Not tomorrow. Not after the appropriate waiting period. Not when the timing feels less controversial. Now.
When God’s liberating power is at hand, there is no waiting for a more convenient day. Grace doesn’t run on our schedule. Healing can’t be postponed to protect propriety.
We live in a world that tells us to wait. Wait until the budget is stable. Wait until the right leader is in place. Wait until the community is ready. But Jesus won’t wait. When the kingdom breaks in, it demands urgency. It demands now.
This raises the question Luke wants us to wrestle with: What kind of community do we want to be?
Do we want to be the kind of community that protects rules at the expense of people? Or the kind of community that risks disruption for the sake of liberation?
Because every community has its “bent-over daughters of Abraham.” People carrying burdens for years. People who’ve grown accustomed to being overlooked. People waiting for someone to notice them.
And the question is whether we will create a space where Jesus’ liberating word can be spoken to them.
Think about how this plays out in our time.
- A young adult who grew up in church but carries deep religious trauma, wondering if they’ll ever belong again.
- A veteran with PTSD who walks into worship carrying invisible chains.
- A single parent stretched thin, bent under the weight of responsibilities.
- A teenager wrestling with their identity, hearing mixed messages about whether they are fully loved.
What happens when they come through our doors?
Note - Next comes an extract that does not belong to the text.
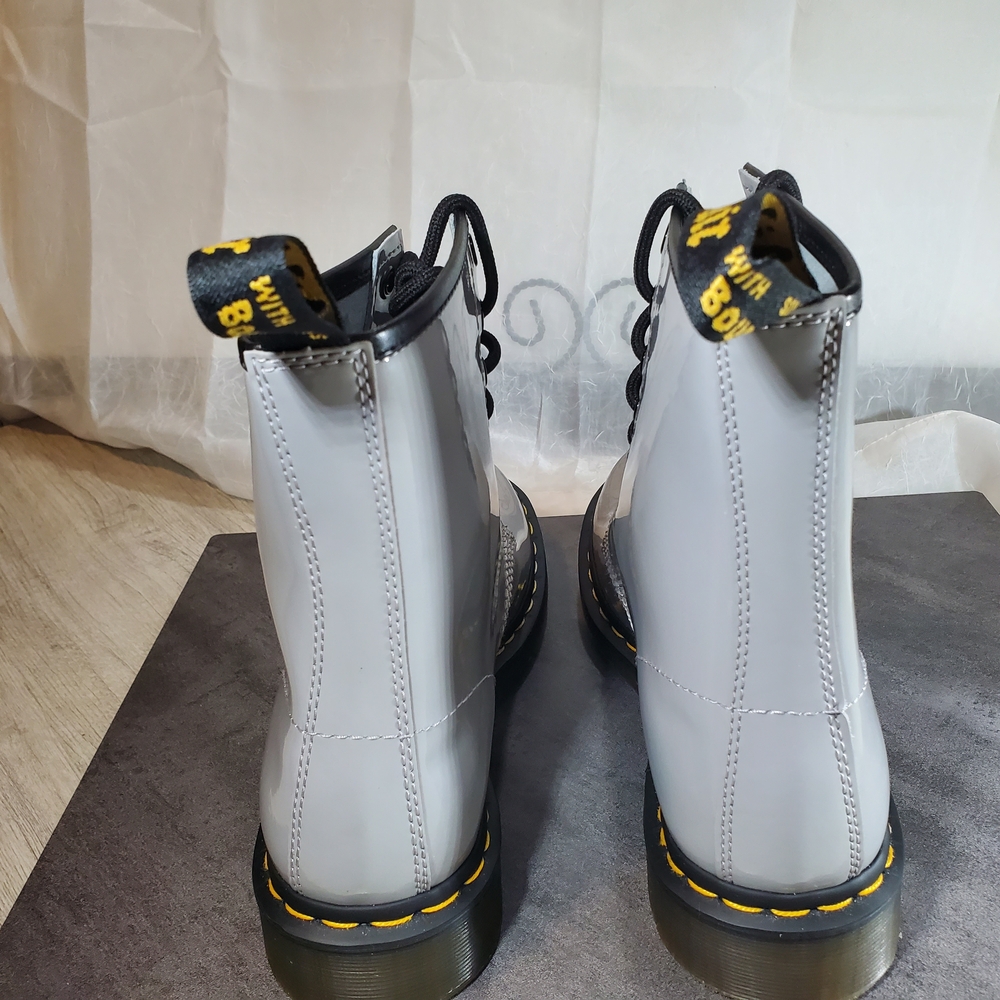 NEW Dr. Martens Womens 1460 High Grain Zinc Grey Patent Leather Boots SIZE 9 - Picture 4 of 9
Do they find a community bound by rules? Or do they hear Jesus’ voice saying, “Come here. You are set free.”
One of the quiet miracles in this story is vision. For eighteen years, the woman’s gaze was fixed on the ground. She couldn’t look people in the eye. And the community couldn’t see her fully either.
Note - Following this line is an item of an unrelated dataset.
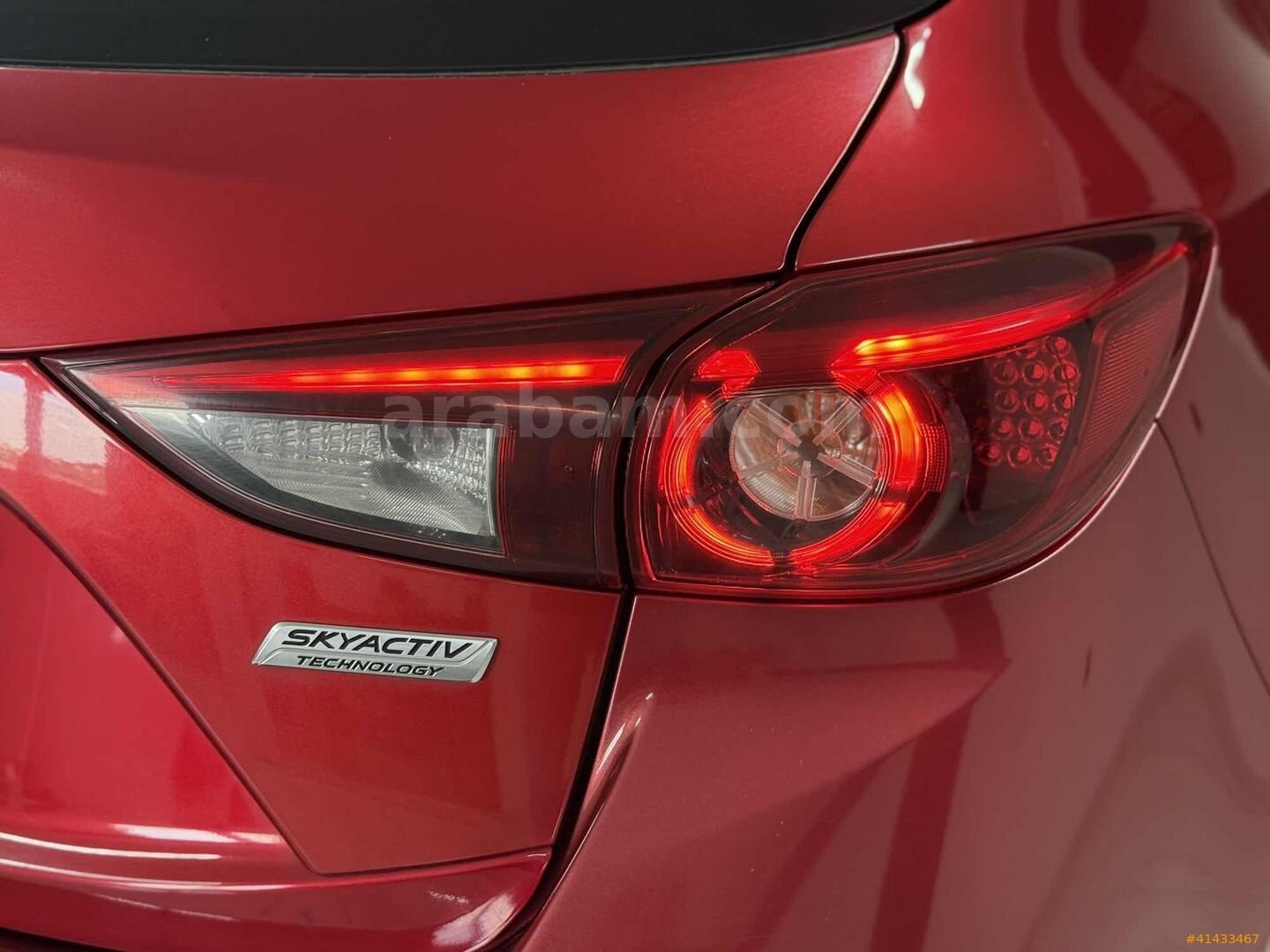 Galeriden Mazda 3 1.5 SkyActive-D Power Sense 2016 Model İzmir 178.000 km Kırmızı 7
But when Jesus straightens her, vision is restored, hers and theirs. She sees them face-to-face. They see her as more than her condition.
That’s what liberation does: it restores our vision. We start seeing people we’d ignored. We start noticing mustard seeds that can grow into shelter. We start recognizing the yeast that can transform the whole loaf.
Of course, not everyone rejoices. Luke tells us the crowd was delighted, but the opponents were put to shame. Whenever liberation happens, there’s always resistance. Systems don’t like to be disrupted. Leaders don’t like to be shamed. Traditions don’t like to be unsettled.
This story isn’t neat and tidy. The woman is healed, yes. But Jesus has also created tension, drawn lines, exposed fault lines in the community. That’s what happens when the kingdom breaks in. It doesn’t just make individuals whole. It shakes up the whole system.
And let’s not forget the woman herself. After eighteen years of silence, of invisibility, she gets the last word. She praises God.
Luke doesn’t record her exact words. Maybe she shouted. Maybe she sang. Maybe she whispered through tears. Whatever it sounded like, her voice joins the chorus of Mary, Zechariah, Simeon, and all the others in Luke who erupt in praise when God’s mercy breaks in.
Her praise reverberates with the crowd’s rejoicing. That’s the sound of liberation.
So what does this mean for us?
It means we’re invited to stop waiting for a more convenient time to bring healing. It means we’re called to see the ones who’ve been bent low and name them as daughters and sons of Abraham. It means we’re challenged to let our traditions serve liberation rather than hinder it.
Most of all, it means we’re invited to praise. To stand tall in the mercy of God and rejoice at the life-changing things Jesus is still doing.
The woman came into the synagogue looking at the ground. She left looking at God’s people face-to-face. She came bent low. She walked away standing tall. She came anonymous. She left named as a daughter of Abraham.
That’s what happens when Jesus shows up. That’s what happens when the kingdom of God breaks in.
The question for us is simple: What kind of community will we be?
Will we cling to rules that keep people bent low? Or will we join the bent-over woman in standing tall, praising God, and rejoicing at the wonderful things he is still doing?